Trade like a stock market wizard
Risk Management Part 2: How To Deal With And Control Risk?
As long as you are in the share market, risk looms. When you hold a stock, there is an invariable possibility of a price drop. The objective of stock trading is to make consistent money by carrying out trades with more reward than risk.
Most investors tend to focus too much on the rewards side and not enough on the risk side.
If you regulate a portfolio with sentiments and not discipline, then be prepared for an explosive and depleting ride.
With thoughtful and regular work, you can acquire successful trading habits. Cultivating habits for producing positive results is always worth it. However, it requires immense discipline.
Your goal should be risk management not risk avoidance. Risk can be managed by significantly controlling the possibility and the amount of loss.
Before each trading day, you must mentally rehearse about handling each position based on what can unravel during that day. Thereafter, when the market opens you will know how to respond and there will be no surprises.

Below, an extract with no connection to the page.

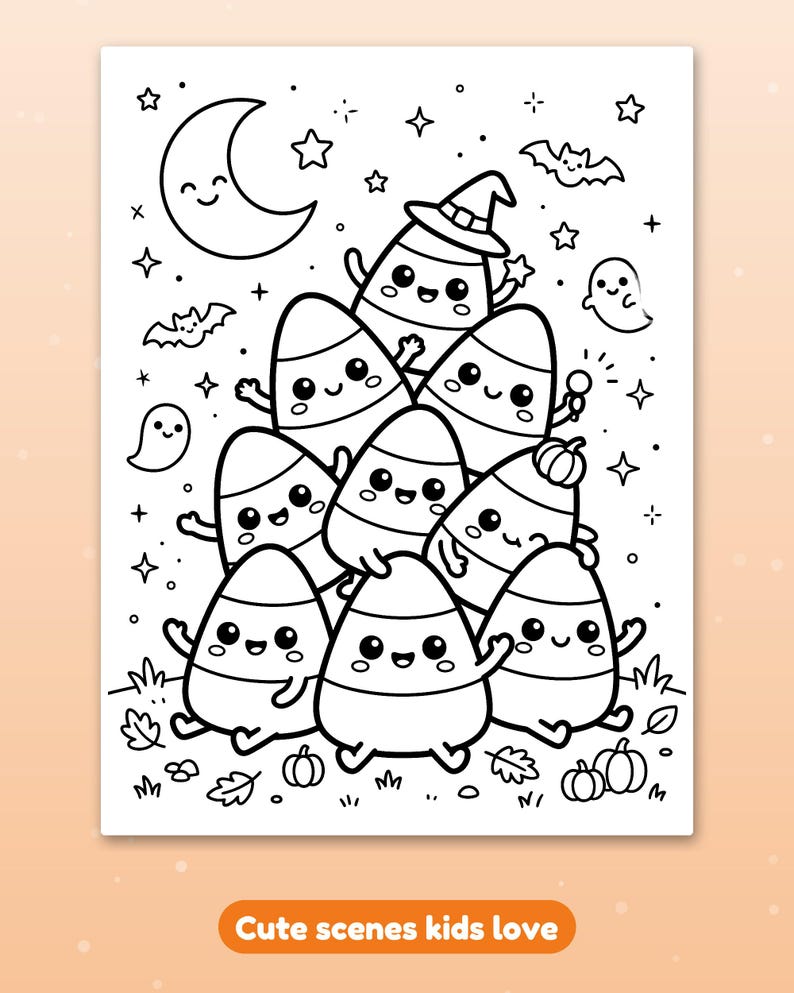 May include: A black and white coloring page featuring a group of smiling candy corn characters, one wearing a witch hat, surrounded by ghosts, bats, stars, a crescent moon, and small pumpkins on the ground. The text reads Cute scenes kids love.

Contingency planning plays an important role because it helps you to make good decisions when you need them the most. You cannot control the magnitude of a stock price, however, you can monitor the amount you lose on each trade.
Always define your risk in advance. Not defining a predetermined level of risk may prove to be more fatal and costly than any other mistake.
Praying and hoping for a loss recovery cannot be a part of your psychology if you want to achieve super performance. Sticking to rules and discipline and maintaining a positive reward/risk ratio will result in money inflow.
If you get stopped out of your positions repeatedly, there can only be two wrong things:
1. The stock selection criteria are faulty.
2. The general market environment is adverse.
If you encounter an unusual losing streak, cut down your exposure first.
In a tough market environment, profits will be smaller than usual and losses will be larger. You will experience greater slippage because downside gaps will be more common. A wise way to handle this is to do the following:
- Tighten up stop losses. If you cut losses at 7-8%, start cutting them 5-6%.
- Settle for smaller profits. If you usually take profits of 15-20% on average, keep it at 10-12%.
- Reduce your exposure in terms of position size as well as overall capital commitment.
If you rely on diversification for protection, you will not achieve super performance. When you spread your money all over the place, you attain three things:
1.Inefficiency to follow each company closely.
2.Failure to reduce your portfolio exposure rapidly when required.
3.Average results because of the smoothing effect.
Smart people learn from their faults but really smart people learn from other people’s faults. The author has followed this ideology by carefully studying the great traders and imaginative thinkers. He has made his part of mistakes and has learnt tough lessons. In this book he presents a realistic plan which is based on his experience. It’s now up to the traders to enforce it and stick to the discipline. Doing this will surely be worth it.